The Alligator was the first Civil War sub, created by a Frenchman from Philadelphia named Brutus DeVilleroi. It sank off the coast of North Carolina in 1863 and has never been found, though there are people working on discovering and raising it.
AND IF YOU’RE ASKING YOURSELF WHAT ALL THIS HAS TO DO WITH THE PENNSYLVANIA WILDS, BUCKLE IN. IT’S GONNA BE AN AWESOME RIDE.
Several years ago, I got a call from NOAA, asking about land that Brutus DeVilleroi owned. The agency has been working on researching the Alligator, and one of the questions they had was how DeVilleroi got the money to build it. DeVilleroi, who described his occupation on the census as “natural genius,” had no personal or family money to speak of. And yet he was able to design and create a fully-formed submarine, offering it to President Lincoln for the government’s use.
NOAA has suggested that DeVilleroi may have made his money here, in central Pennsylvania. In the 1850s, he owned quite a lot of land in what is now Elk Country in the PA Wilds. Around Leidy Township in Clinton County, DeVilleroi purchased acres of land, which he owned for about a year and a half before he failed to pay and the land defaulted back to the original owner. So the question was, how did he make the money? Was it lumbering, mining, or what?
So off to the courthouse I went, to look up the land that Brutus DeVilleroi owned.
As I researched the courthouse documents, I found out that not only had DeVilleroi made the down payment on the land, he was successfully sued twice while living in Clinton County. He had to pay the equivalent of three million dollars today, which deepens the mystery: Where is all this money coming from?
And then, when I took a highlighter and traced out all his land on the map, I thought,”Isn’t this around where those legends of a silver mine used to be?”
The story is repeated in many articles and books, most of them reputable. John Blair Linn’s History of Centre and Clinton Counties, the most reliable book about the early history of the area, even tells the tale. The Native Americans evidently knew where there was silver in the county and used to walk off into the woods and come back with packs full of it to spend. Though people have searched several different locations, nobody ever found the spot.
Unless Brutus DeVilleroi did.
If you think about it, it explains a lot.
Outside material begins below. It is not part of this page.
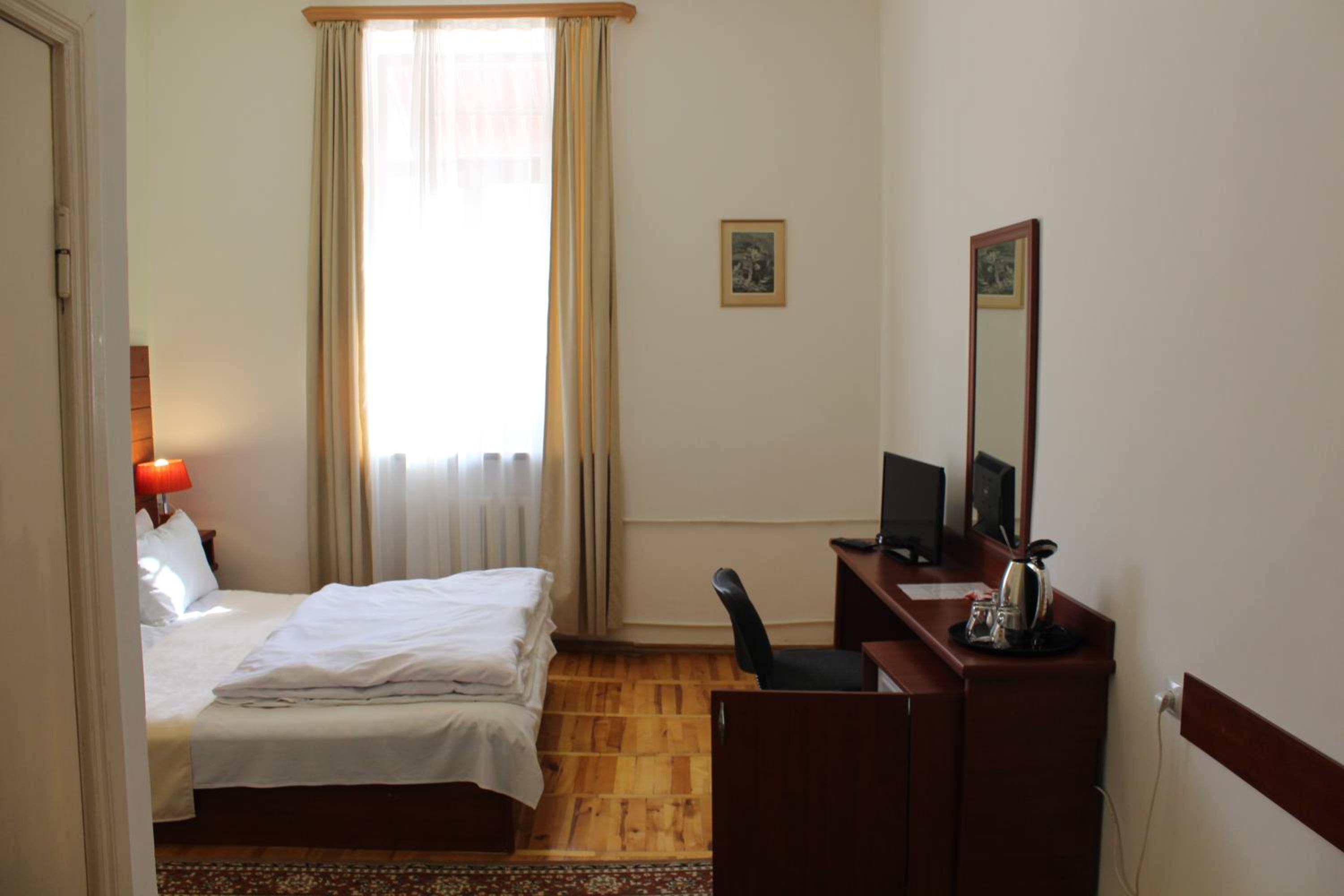 Double or Twin Room photo 2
A “natural genius” could have figured out where to look for a vein of silver and mined a lot of it in eighteen months. He wouldn’t even have had to sell it as a precious metal; silver is purchased and used in a lot of different industries. Someone who knew where to find silver could have made a lot of money.
Now, no responsible historian would have gone to the government with this crazy theory. Fortunately, NOAA didn’t ask a responsible historian; they asked me. And when I spoke to the people at NOAA, they liked this idea and asked me to send them all the documentation I could on the silver story. And they sent me the poster, which I framed and still display.
Currently, there are efforts to find and raise the Alligator and perhaps put it on display in a museum. And if that ever happens, my theory will be displayed right there with it – the money trail that leads to a lost treasure, a secret silver mine in the heart of the Pennsylvania Wilds.